Autor; Daniel Hernández Sánchez
El Senado de Estados Unidos aprobó este lunes el ambicioso y polémico proyecto de ley de presupuesto impulsado por el presidente Donald Trump, con un monto total que supera los 2 billones de dólares, y que redefine las prioridades económicas, militares y migratorias del país.
La iniciativa, que ya había sido ratificada por la Cámara de Representantes, fue aprobada en el Senado con 54 votos a favor y 46 en contra, en medio de fuertes críticas por parte de sectores demócratas y organizaciones civiles, que la califican como autoritario y regresivo.
Entre los puntos clave del presupuesto destacan aumentos significativos al gasto militar, la financiación de nuevas cárceles federales, recortes a programas sociales como el seguro médico Medicaid y subsidios educativos, así como una inyección de recursos a agencias migratorias como el ICE y la Patrulla Fronteriza.
Donald Trump celebró la aprobación del presupuesto como “un triunfo para el orden y la seguridad”, y aseguró que con ello “Estados Unidos vuelve a ponerse de pie con fuerza”. No obstante, analistas han advertido sobre las implicaciones sociales del plan, que podría afectar a millones de ciudadanos de bajos ingresos y a comunidades migrantes.

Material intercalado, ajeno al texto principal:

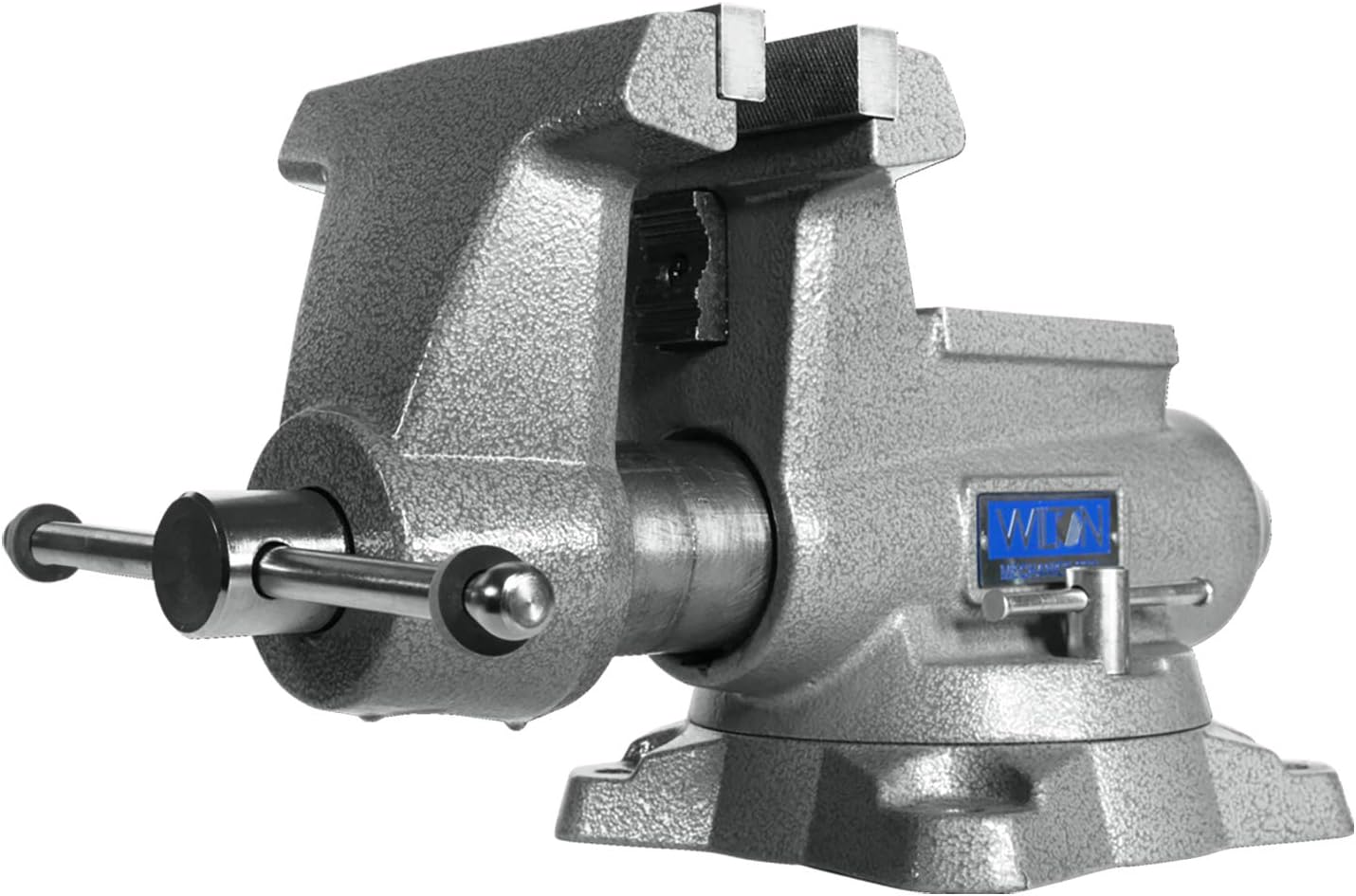 Wilton Mechanics Pro Bench Vise, 6-1/2' Jaw Width, 6' Jaw Opening, 4-3/8' Throat (Model 865M)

Asimismo, se contempla una nueva fase de inversión en infraestructura carcelaria, incluyendo instalaciones para el resguardo de migrantes, lo que ha sido interpretado como un endurecimiento de la política migratoria durante su segundo mandato.
Este presupuesto marca un punto de inflexión en la política económica del país, al priorizar el gasto en defensa y vigilancia por encima del desarrollo social. Organismos internacionales y líderes políticos han llamado a observar de cerca las consecuencias de su implementación.